De extra tijd na de reglementaire speeltijd wordt in de meeste sporten blessuretijd genoemd. Deze extra minuten worden toegevoegd om compensatie te bieden voor oponthoud tijdens de wedstrijd, zoals blessures, wissels, doeltrappen en time-outs. De exacte hoeveelheid blessuretijd wordt bepaald door de scheidsrechter of umpire, en wordt meestal per helft berekend.
Blessuretijd is niet alleen bedoeld om verloren speeltijd in te halen, maar ook om ervoor te zorgen dat beide teams een eerlijke kans hebben om te winnen.
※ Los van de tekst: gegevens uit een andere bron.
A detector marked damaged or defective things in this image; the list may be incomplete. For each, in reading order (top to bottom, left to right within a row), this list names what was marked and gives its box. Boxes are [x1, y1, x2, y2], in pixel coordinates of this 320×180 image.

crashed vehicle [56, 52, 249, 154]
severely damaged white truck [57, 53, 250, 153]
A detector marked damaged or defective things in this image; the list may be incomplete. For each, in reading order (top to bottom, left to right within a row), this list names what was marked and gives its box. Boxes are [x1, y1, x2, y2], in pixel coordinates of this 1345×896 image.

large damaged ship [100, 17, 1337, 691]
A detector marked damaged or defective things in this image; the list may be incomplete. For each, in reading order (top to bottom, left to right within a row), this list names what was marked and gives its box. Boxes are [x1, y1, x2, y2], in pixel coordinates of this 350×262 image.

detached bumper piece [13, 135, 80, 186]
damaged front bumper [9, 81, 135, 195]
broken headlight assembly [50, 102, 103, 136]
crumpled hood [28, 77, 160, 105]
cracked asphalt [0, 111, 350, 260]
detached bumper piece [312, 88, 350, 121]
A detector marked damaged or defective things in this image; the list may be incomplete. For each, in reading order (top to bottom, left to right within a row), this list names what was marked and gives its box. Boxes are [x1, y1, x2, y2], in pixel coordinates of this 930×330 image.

Zonder blessuretijd zou een team dat veel tijd verliest door blessures of andere vormen van oponthoud, in het nadeel zijn.
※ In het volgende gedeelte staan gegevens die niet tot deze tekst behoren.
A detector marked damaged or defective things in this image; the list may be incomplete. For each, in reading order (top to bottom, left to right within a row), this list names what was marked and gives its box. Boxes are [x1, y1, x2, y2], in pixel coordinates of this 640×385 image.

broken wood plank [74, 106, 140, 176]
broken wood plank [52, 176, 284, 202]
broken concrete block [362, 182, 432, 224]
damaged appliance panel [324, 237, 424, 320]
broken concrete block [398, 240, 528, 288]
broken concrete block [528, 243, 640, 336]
Naast blessuretijd wordt er in sommige sporten ook gebruik gemaakt van verlenging of extra time. Dit zijn extra speelperiodes die worden toegevoegd als de stand na de reguliere speeltijd gelijk is. Verlenging wordt meestal gespeeld in twee helften van een verkorte duur, met een rustpauze daartussen.
De termen "blessuretijd" en "verlenging" worden soms door elkaar gebruikt, maar er is een duidelijk verschil tussen beide. Blessuretijd is bedoeld om verloren speeltijd in te halen, terwijl verlenging wordt gespeeld om een winnaar te bepalen als de stand na de reguliere speeltijd gelijk is.
In het Nederlands worden de termen extra tijd en toegevoegde tijd ook wel gebruikt om te verwijzen naar blessuretijd of verlenging.
Ik hoop dat deze uitleg wat meer duidelijkheid geeft over de verschillende termen die worden gebruikt voor de extra speeltijd in sportwedstrijden.